### GIVEN DATA

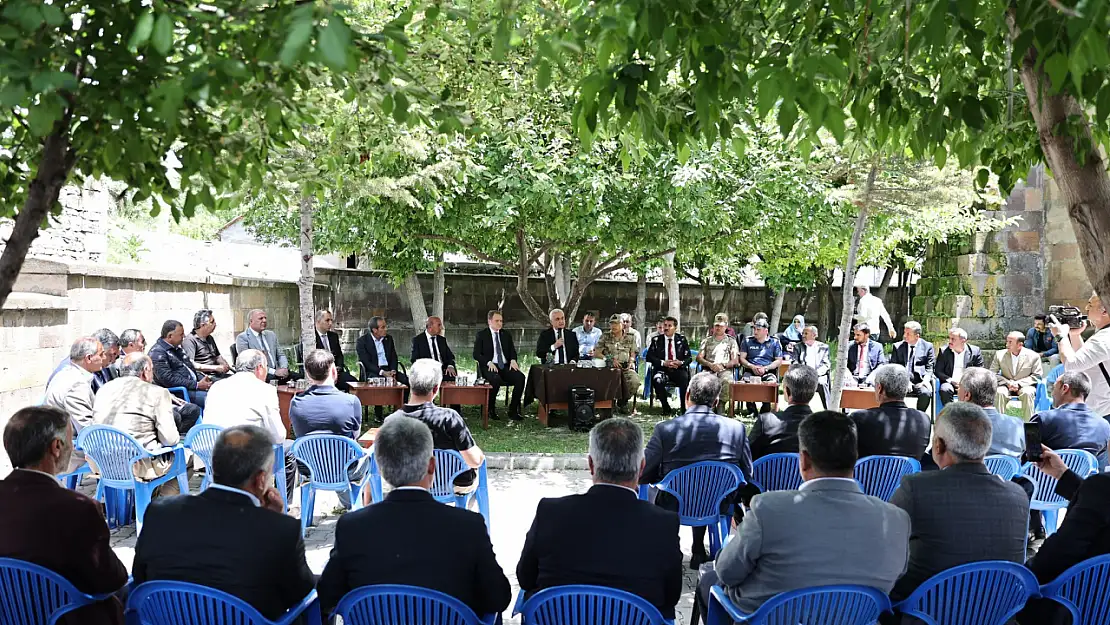 Muş Valisi Avni Çakır'dan Bulanık'ta Esenlik Köyüne Ziyaret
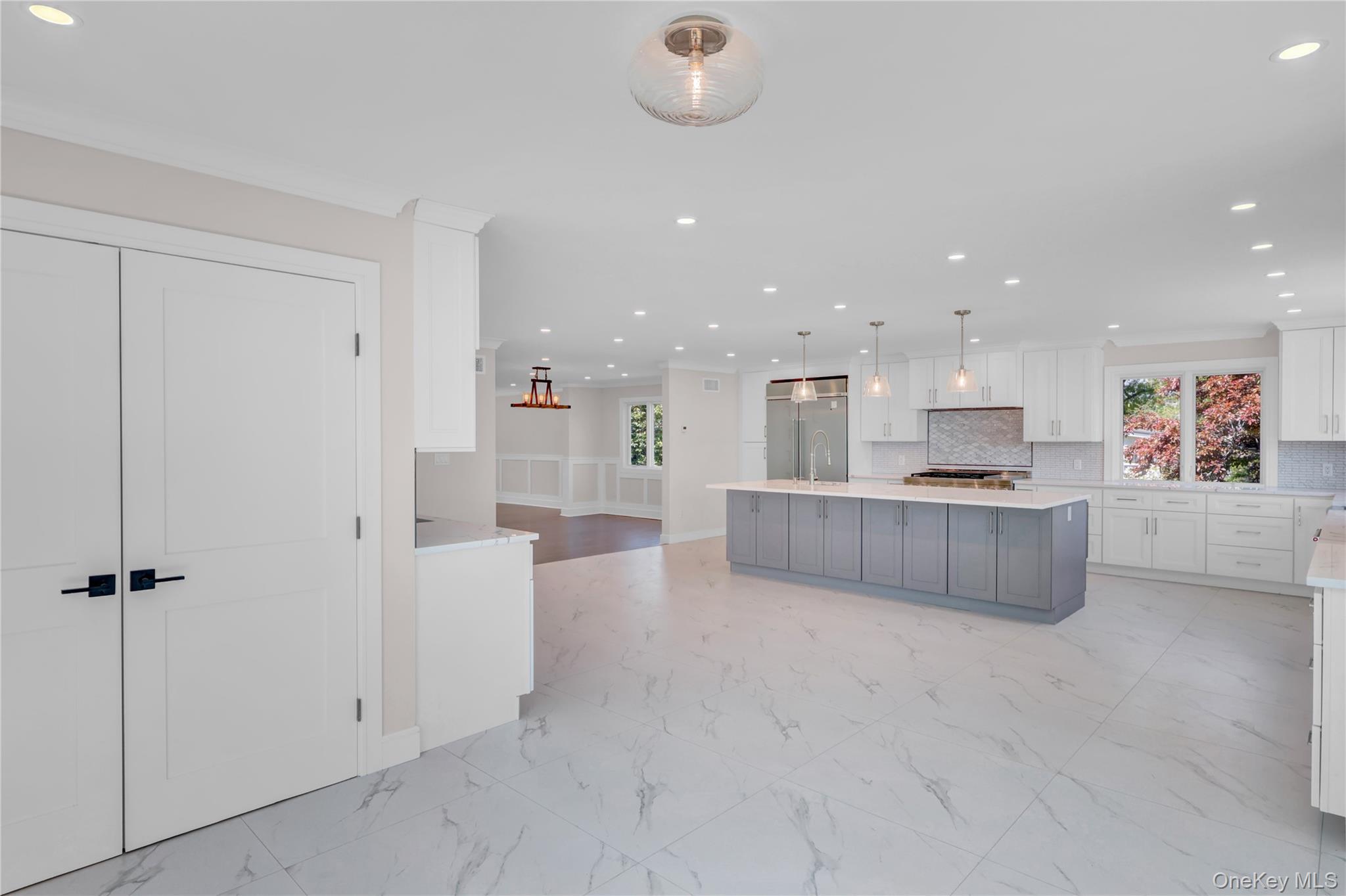  52 Woodland Road, Roslyn, NY 11576 - 物件實景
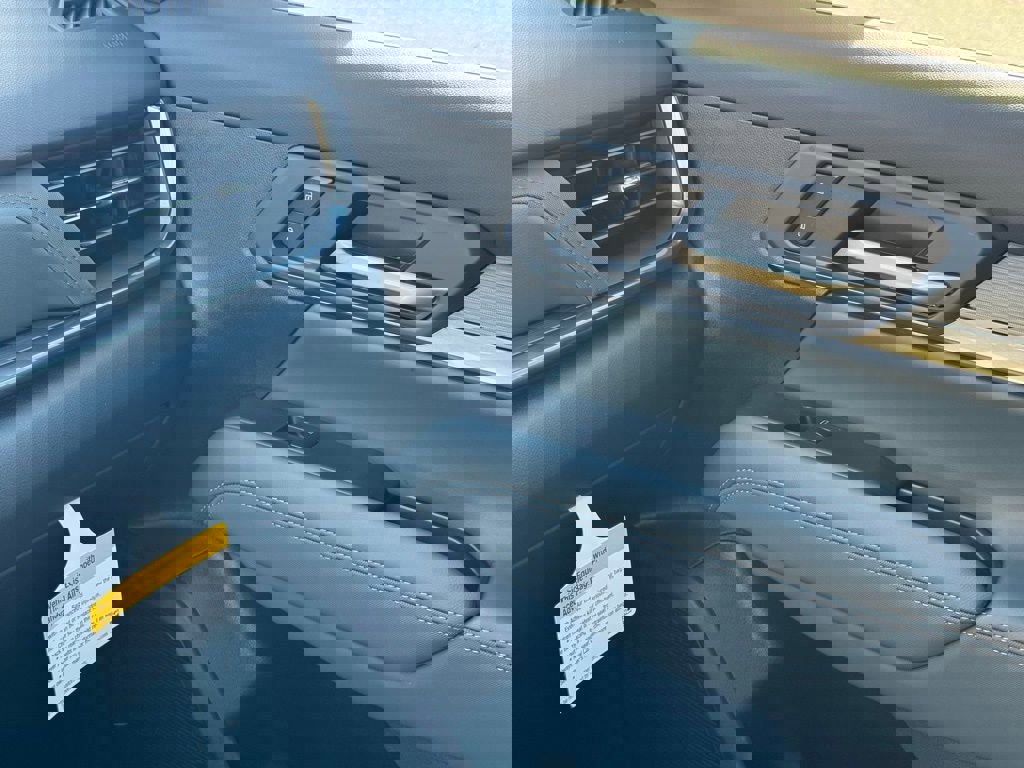 New 2026 GMC Terrain AT4 w/ Convenience Package III image 34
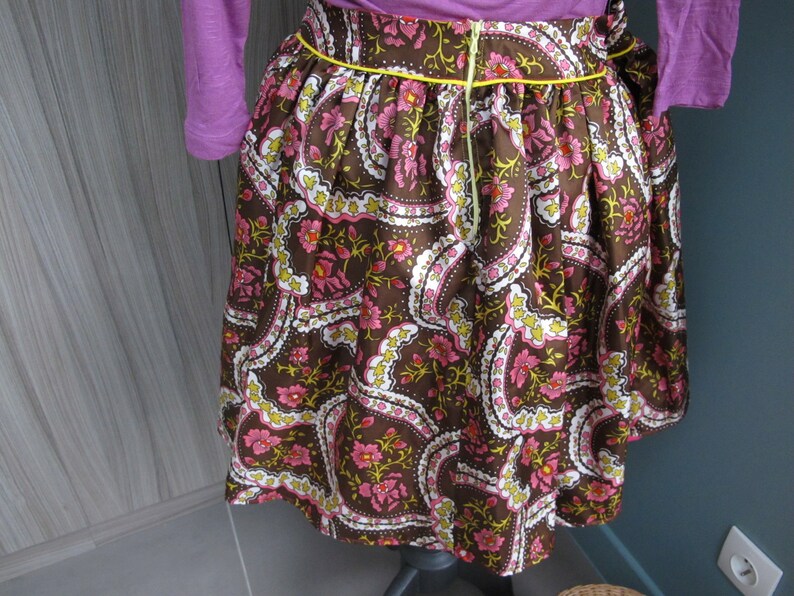 Designer skirt in vintage fabrics size 38 fabric brand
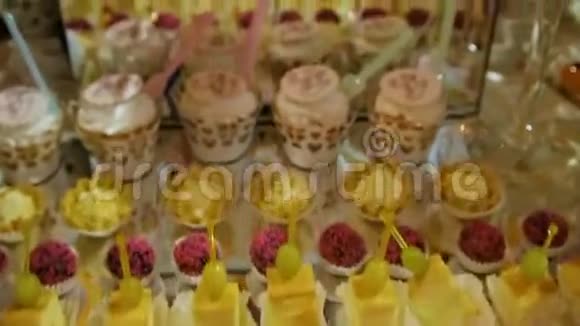 美味的婚宴糖果棒甜点桌视频的预览图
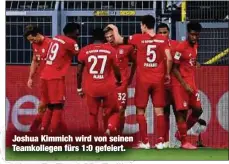  ??  ?? Joshua Kimmich wird von seinen Teamkolleg­en fürs 1:0 gefeiert.
Bayerns Alphonso Davies (l.) kommt perfekt von Dortmunds Erling Haaland vor den Ball. Vom Norweger im schwarzgel­ben Dresswar gestern wenig zu sehen.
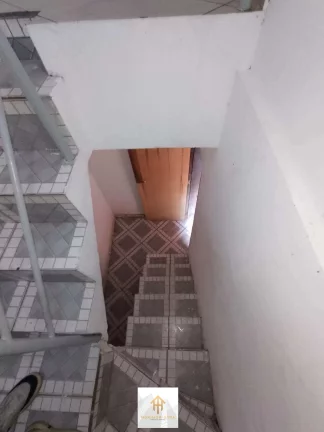 Imagem Sobrado à venda, com 5 quartos, 100m2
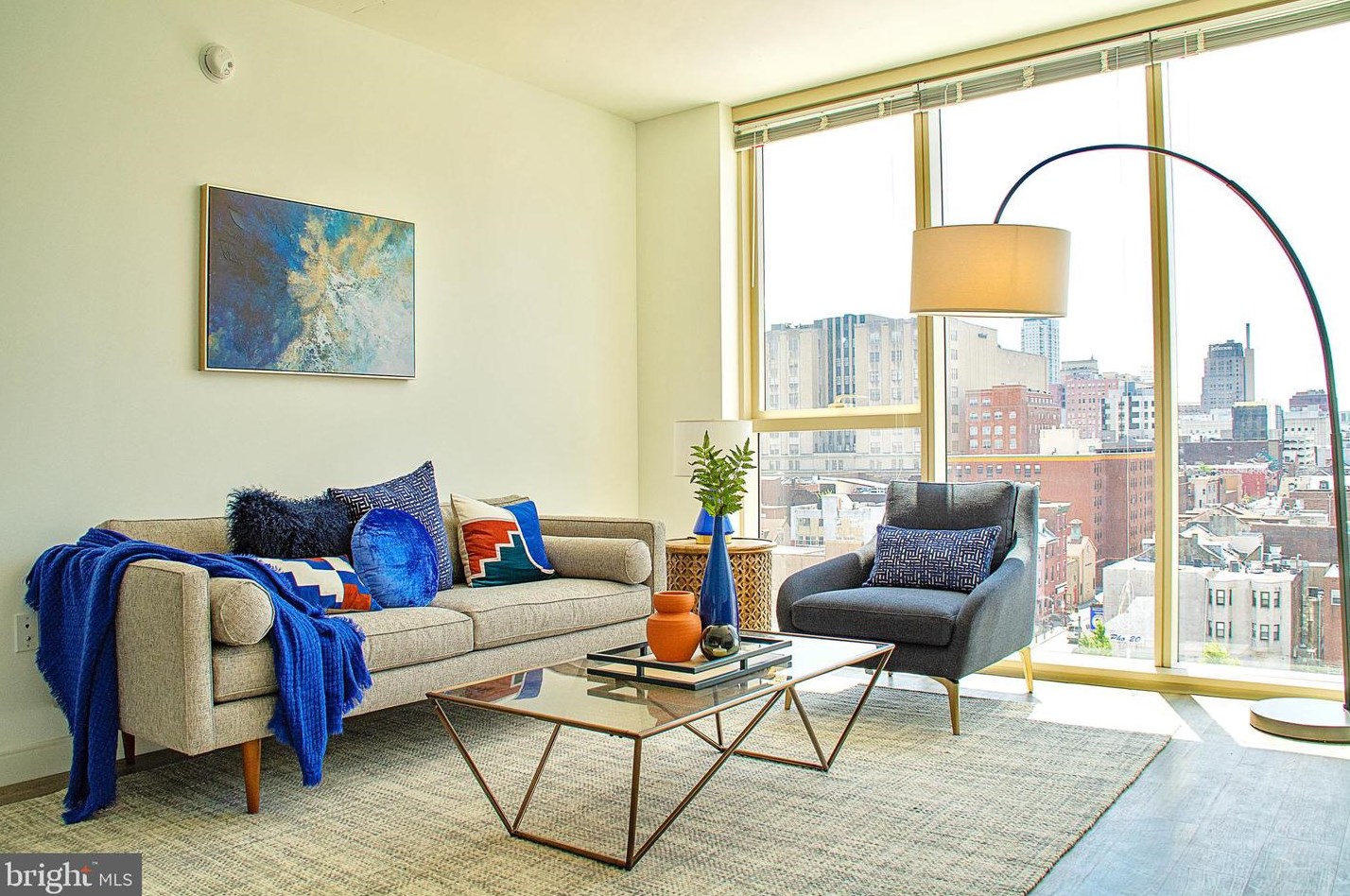 1001 Vine St, Philadelphia, PA 19107-1301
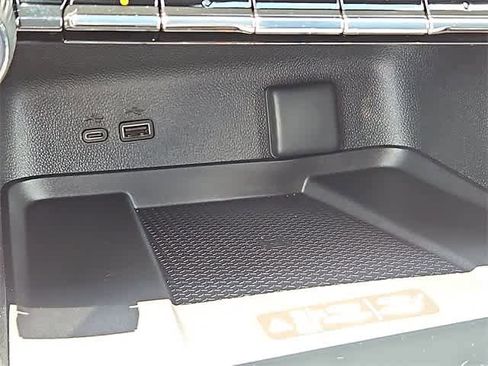 New 2026 Chevrolet Traverse LT w/ Driver Confidence Package image 21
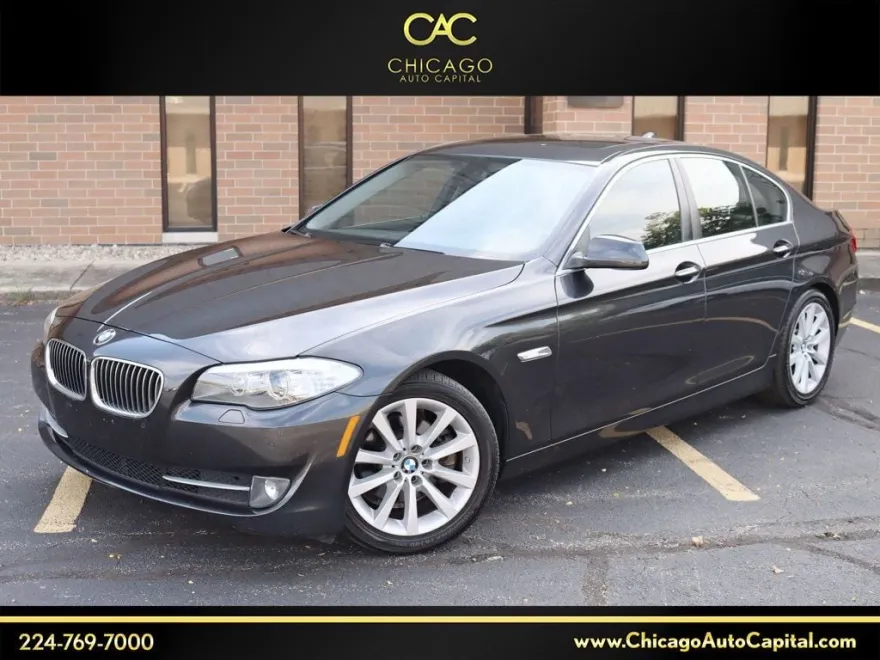 2013 Bmw 528xi 5-Series photo 1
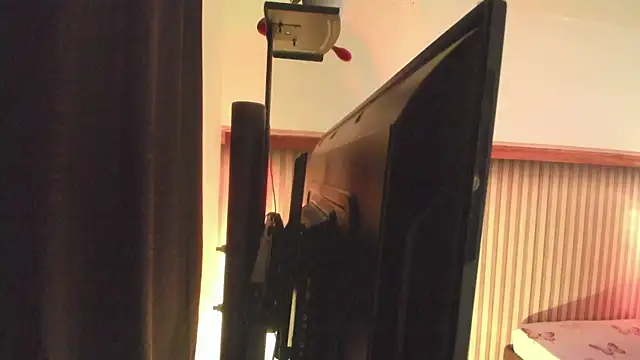 Daisy  rose online show from April 22, 3:09 am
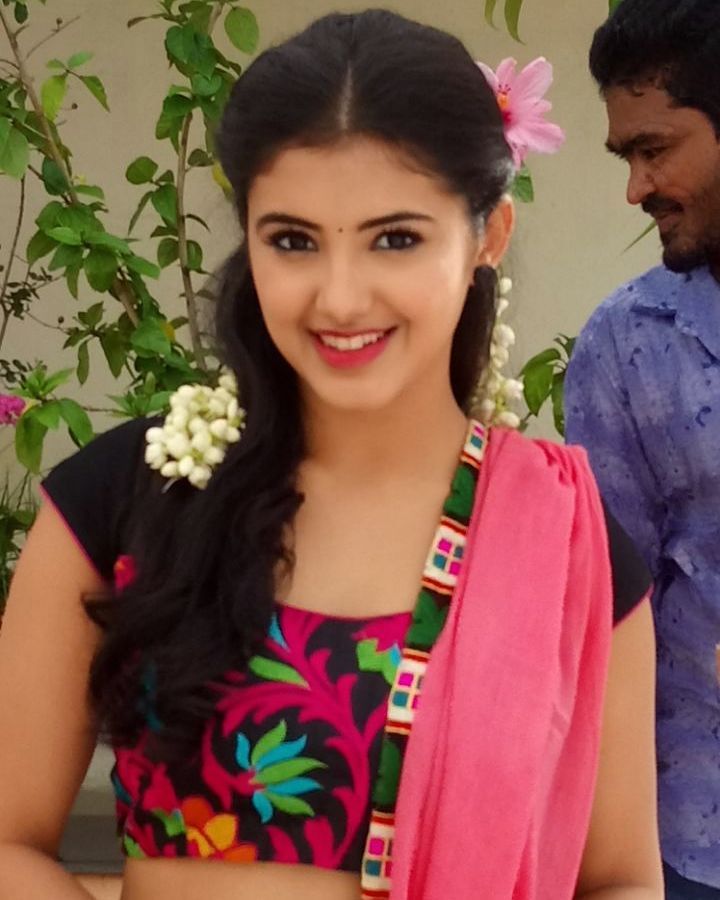 Actress|Hot Pics|Wallpapers|Images|News|Coll Photo: # Malvika Sharma New Latest HD Photos | NELA Ticket Movie Heroine Malvika Sharma Photo Shoot Images Actress|Hot Pics|Wallpapers|Images|News|Coll Photo: # Malvika Sharma New Latest HD Photos | NELA Ticket Movie Heroine Malvika Sharma Photo Shoot Images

######

- [EXERCISE AIM]: Please write out exactly the lines from the one holding "2013 Bmw 528xi 5-Series photo 1" through the last line of the material above, both included, as a copy without pictures.

- [RESULT FOR THIS EXERCISE]:
 2013 Bmw 528xi 5-Series photo 1
 Daisy  rose online show from April 22, 3:09 am
 Actress|Hot Pics|Wallpapers|Images|News|Coll Photo: # Malvika Sharma New Latest HD Photos | NELA Ticket Movie Heroine Malvika Sharma Photo Shoot Images Actress|Hot Pics|Wallpapers|Images|News|Coll Photo: # Malvika Sharma New Latest HD Photos | NELA Ticket Movie Heroine Malvika Sharma Photo Shoot Images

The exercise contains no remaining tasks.